Chantier du Grand Paris : l’exploitation tue !

12 Janvier 2022

Mercredi 5 janvier, un ouvrier intérimaire a été victime d’un accident de travail mortel sur un chantier du Grand Paris Express. C’est le deuxième en moins d’un an sur ces chantiers.

Chaque année des centaines de milliers de travailleurs sont blessés et des centaines meurent, du fait de l’exploitation et de son aggravation. Ce travailleur est mort, écrasé par la chute d’une barre métallique de 200 kg, dans le chantier de la future gare Pleyel. L’autre accident mortel s’était produit sur celui de La Courneuve.
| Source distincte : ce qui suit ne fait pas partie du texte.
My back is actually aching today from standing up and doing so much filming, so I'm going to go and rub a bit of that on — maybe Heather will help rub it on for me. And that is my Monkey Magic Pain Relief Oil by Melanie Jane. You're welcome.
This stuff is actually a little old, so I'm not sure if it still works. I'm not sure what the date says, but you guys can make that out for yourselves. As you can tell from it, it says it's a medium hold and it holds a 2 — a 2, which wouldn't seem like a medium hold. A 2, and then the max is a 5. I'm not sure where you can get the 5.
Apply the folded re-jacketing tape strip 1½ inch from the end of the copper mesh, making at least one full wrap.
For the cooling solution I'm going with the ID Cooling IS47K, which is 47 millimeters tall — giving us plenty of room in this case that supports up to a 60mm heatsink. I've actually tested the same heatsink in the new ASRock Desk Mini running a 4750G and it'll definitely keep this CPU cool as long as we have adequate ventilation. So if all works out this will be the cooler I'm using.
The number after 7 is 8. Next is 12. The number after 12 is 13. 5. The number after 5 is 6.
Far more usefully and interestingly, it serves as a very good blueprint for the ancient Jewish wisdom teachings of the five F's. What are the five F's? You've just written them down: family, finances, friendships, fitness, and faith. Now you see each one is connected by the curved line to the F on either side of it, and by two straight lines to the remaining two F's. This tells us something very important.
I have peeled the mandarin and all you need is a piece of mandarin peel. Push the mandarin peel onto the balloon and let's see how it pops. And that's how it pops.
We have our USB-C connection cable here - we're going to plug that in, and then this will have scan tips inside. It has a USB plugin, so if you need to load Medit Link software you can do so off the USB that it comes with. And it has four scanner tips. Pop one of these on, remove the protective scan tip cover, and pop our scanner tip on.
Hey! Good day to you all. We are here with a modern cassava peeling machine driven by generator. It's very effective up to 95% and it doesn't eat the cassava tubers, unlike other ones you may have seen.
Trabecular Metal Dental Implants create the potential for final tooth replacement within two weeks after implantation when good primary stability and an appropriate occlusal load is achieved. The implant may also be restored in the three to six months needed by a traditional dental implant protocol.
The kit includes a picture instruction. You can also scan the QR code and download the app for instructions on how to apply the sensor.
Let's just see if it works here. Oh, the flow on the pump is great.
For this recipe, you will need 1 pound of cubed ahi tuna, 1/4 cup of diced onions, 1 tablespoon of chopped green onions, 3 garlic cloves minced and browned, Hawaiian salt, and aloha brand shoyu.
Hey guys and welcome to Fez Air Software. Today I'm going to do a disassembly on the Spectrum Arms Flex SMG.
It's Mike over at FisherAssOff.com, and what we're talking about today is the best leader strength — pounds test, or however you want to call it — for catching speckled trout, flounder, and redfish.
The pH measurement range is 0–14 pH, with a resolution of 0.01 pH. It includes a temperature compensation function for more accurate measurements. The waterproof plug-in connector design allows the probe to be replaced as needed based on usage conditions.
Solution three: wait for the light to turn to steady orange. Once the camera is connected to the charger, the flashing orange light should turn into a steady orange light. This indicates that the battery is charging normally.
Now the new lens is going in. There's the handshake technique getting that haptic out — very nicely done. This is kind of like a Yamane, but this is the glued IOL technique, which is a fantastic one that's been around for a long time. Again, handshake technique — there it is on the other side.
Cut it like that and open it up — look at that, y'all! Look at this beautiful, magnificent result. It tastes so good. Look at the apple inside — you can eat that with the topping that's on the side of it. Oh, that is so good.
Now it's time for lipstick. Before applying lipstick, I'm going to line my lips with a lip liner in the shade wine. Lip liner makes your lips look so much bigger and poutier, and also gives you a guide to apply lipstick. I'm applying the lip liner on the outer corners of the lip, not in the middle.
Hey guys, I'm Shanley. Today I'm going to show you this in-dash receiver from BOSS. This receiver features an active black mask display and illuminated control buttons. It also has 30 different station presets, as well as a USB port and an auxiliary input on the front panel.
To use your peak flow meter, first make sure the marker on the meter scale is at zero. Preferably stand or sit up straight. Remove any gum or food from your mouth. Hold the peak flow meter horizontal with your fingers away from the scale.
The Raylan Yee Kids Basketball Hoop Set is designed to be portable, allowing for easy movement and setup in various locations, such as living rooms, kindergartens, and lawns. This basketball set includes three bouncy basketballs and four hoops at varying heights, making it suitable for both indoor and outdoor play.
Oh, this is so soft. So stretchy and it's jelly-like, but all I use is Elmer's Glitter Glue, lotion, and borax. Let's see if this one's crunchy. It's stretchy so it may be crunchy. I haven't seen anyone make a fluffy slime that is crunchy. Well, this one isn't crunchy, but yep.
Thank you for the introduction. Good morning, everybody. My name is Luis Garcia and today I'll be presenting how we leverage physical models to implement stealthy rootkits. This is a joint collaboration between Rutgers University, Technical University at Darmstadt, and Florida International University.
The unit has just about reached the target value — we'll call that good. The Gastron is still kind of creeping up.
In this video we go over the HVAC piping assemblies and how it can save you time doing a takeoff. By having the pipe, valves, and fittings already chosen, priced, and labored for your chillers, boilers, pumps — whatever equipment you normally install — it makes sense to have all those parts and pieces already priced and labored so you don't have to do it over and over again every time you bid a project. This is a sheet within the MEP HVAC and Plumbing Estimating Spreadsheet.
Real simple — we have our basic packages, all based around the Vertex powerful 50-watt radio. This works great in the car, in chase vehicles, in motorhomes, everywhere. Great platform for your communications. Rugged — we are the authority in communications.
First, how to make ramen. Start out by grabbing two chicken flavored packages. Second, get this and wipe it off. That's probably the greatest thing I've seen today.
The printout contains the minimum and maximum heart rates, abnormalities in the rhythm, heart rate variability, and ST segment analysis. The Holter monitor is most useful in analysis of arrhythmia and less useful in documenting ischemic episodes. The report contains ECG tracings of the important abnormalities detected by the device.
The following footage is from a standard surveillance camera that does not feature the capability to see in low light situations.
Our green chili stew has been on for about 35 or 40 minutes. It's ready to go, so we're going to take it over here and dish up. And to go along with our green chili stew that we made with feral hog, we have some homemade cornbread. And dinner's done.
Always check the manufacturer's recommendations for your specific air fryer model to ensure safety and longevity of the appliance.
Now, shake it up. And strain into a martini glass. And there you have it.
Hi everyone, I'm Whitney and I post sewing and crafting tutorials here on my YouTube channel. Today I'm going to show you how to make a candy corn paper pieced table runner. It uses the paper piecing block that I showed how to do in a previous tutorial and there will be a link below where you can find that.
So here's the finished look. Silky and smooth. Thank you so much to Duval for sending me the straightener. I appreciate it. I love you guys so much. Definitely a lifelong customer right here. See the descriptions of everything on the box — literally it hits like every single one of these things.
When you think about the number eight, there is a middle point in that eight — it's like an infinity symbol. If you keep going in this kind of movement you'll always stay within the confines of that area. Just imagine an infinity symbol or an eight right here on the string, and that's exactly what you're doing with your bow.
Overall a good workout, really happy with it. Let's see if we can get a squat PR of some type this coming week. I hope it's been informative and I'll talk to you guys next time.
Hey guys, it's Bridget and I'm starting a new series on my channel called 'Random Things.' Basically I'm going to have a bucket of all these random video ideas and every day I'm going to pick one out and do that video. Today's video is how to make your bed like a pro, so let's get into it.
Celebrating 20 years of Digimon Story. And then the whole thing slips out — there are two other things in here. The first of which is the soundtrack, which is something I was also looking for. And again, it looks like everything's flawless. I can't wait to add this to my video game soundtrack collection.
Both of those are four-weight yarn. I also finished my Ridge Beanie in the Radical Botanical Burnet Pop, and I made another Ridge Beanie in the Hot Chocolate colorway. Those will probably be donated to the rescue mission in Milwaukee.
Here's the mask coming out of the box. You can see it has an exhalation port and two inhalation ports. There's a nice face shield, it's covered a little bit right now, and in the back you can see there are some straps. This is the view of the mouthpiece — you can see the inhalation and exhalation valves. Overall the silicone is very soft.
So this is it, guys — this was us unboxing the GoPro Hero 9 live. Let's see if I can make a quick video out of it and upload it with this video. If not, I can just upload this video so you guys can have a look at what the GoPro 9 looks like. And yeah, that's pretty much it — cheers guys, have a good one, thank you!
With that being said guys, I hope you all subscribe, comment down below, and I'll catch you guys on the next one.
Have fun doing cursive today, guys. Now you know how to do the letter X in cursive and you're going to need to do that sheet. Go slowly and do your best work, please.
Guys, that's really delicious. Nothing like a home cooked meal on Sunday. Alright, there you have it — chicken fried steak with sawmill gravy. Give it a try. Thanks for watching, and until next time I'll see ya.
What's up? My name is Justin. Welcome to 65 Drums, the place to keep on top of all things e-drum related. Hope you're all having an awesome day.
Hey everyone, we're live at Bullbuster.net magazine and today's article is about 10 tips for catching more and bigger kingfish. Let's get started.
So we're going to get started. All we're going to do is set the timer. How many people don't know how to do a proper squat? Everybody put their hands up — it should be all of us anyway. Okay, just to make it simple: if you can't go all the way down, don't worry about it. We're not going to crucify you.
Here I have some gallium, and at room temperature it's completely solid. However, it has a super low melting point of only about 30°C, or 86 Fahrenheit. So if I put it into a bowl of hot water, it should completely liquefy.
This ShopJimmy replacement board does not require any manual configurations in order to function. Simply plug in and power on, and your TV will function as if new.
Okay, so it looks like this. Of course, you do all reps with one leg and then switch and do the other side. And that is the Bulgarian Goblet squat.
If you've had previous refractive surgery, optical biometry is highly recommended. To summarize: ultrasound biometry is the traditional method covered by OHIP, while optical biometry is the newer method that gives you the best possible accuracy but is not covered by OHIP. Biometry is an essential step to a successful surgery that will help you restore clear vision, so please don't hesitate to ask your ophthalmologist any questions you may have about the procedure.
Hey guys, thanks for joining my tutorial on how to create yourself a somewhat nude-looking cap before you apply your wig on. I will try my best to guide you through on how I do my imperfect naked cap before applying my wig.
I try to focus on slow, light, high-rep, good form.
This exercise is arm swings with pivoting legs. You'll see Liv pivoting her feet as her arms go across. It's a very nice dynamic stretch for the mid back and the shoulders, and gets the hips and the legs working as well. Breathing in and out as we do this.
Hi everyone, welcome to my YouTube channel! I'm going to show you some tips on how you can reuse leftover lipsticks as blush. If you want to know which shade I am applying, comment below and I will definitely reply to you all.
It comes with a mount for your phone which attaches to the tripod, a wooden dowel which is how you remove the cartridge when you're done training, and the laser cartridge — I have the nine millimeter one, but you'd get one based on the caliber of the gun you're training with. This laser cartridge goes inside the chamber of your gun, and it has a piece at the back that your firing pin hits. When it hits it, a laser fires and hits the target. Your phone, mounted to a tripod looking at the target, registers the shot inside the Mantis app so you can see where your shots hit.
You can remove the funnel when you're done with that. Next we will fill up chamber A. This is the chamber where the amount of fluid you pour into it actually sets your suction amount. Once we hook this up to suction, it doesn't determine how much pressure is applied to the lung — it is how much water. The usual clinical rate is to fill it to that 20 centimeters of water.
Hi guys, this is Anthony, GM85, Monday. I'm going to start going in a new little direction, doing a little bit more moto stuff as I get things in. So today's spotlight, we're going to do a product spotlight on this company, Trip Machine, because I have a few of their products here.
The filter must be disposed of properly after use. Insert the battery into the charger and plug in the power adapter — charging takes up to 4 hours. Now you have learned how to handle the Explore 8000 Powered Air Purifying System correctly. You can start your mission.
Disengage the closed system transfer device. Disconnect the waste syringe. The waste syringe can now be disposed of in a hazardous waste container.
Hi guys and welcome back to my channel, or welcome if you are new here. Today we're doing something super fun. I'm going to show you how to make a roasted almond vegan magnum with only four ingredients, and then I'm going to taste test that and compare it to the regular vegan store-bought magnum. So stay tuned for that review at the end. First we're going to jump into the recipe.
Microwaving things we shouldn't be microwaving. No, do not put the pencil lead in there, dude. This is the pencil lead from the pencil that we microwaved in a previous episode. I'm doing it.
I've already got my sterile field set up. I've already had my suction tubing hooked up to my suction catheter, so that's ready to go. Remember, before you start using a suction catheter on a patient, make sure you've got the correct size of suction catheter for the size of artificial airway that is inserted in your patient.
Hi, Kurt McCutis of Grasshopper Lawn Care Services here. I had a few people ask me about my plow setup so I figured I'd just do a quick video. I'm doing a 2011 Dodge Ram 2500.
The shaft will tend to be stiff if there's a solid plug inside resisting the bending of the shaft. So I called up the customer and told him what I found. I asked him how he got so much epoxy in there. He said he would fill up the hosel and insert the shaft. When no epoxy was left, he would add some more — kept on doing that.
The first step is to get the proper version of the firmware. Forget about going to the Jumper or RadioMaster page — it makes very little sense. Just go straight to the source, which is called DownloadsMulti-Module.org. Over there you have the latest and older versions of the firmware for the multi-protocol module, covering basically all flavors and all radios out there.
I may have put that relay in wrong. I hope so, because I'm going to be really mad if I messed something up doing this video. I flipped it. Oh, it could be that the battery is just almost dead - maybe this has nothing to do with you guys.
Les deux victimes travaillaient pour le groupe du BTP Eiffage. Le secteur du bâtiment et des travaux publics compte le plus fort pourcentage de morts et de blessés au travail du fait de la négligence criminelle des entrepreneurs, et des économies sur la sécurité. Ces capitalistes sont aussi connus pour abuser de milliers de travailleurs sans papiers, à qui ils peuvent imposer le manque de sécurité et les cadences dangereuses.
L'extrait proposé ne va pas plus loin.